▸ About this task:
Please return the records below exactly as they appear, leaving every picture out.

▸ Dataset records:
+ + + +
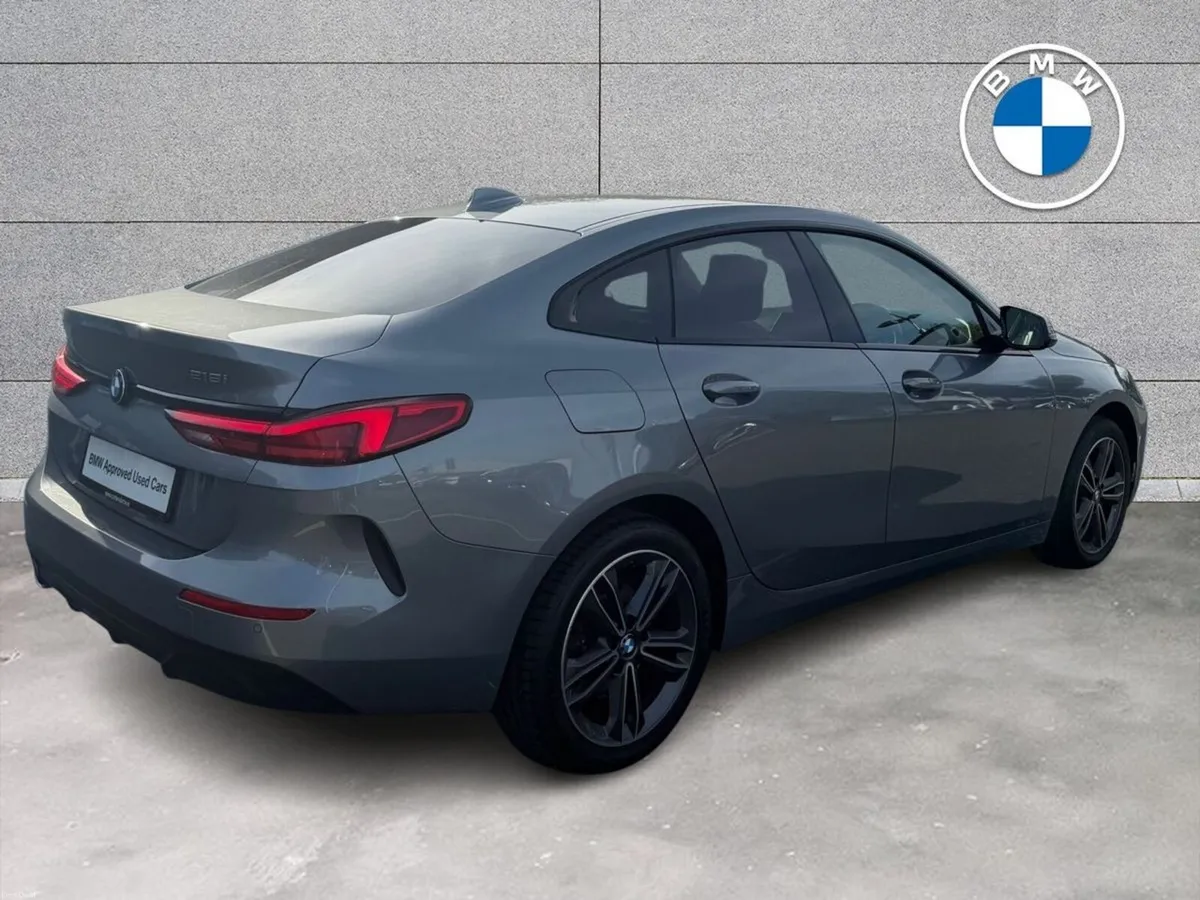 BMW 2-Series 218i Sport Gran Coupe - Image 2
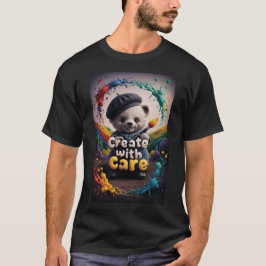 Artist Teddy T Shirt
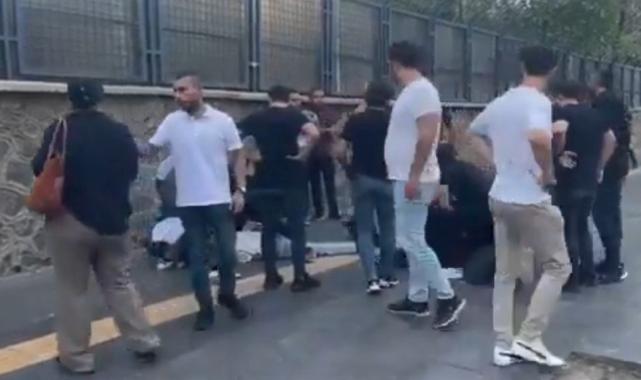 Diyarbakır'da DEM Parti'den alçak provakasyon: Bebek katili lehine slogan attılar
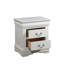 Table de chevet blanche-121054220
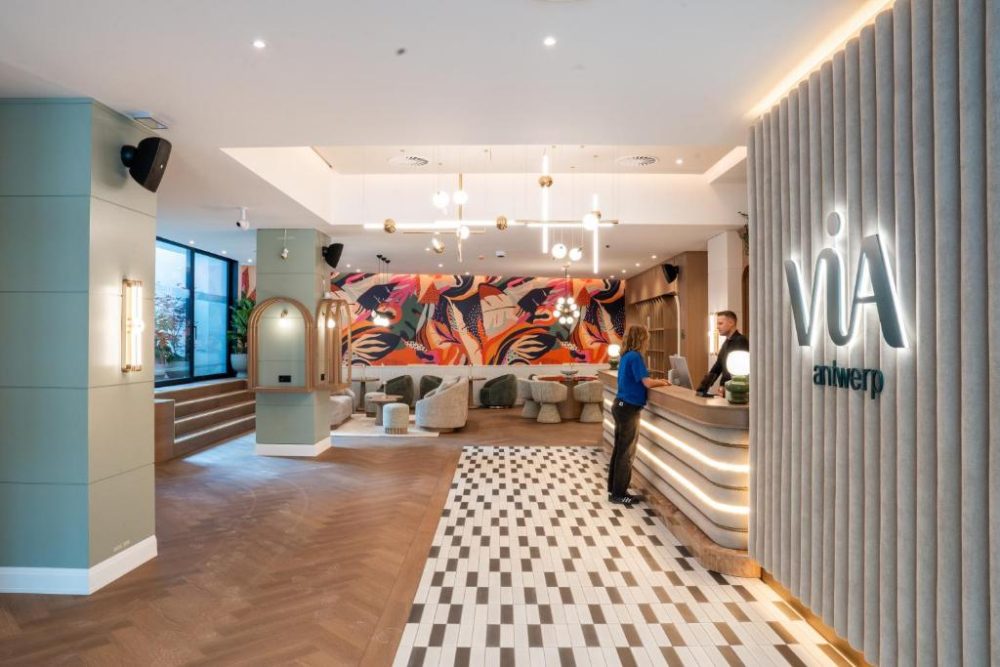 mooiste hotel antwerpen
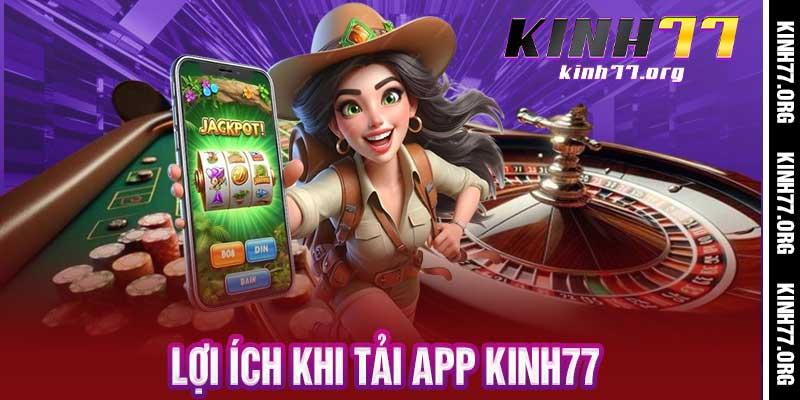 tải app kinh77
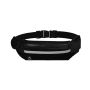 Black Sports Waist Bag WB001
+ + + +
▸ Exercise solution:
 BMW 2-Series 218i Sport Gran Coupe - Image 2
 Artist Teddy T Shirt
 Diyarbakır'da DEM Parti'den alçak provakasyon: Bebek katili lehine slogan attılar
 Table de chevet blanche-121054220
 mooiste hotel antwerpen
 tải app kinh77
 Black Sports Waist Bag WB001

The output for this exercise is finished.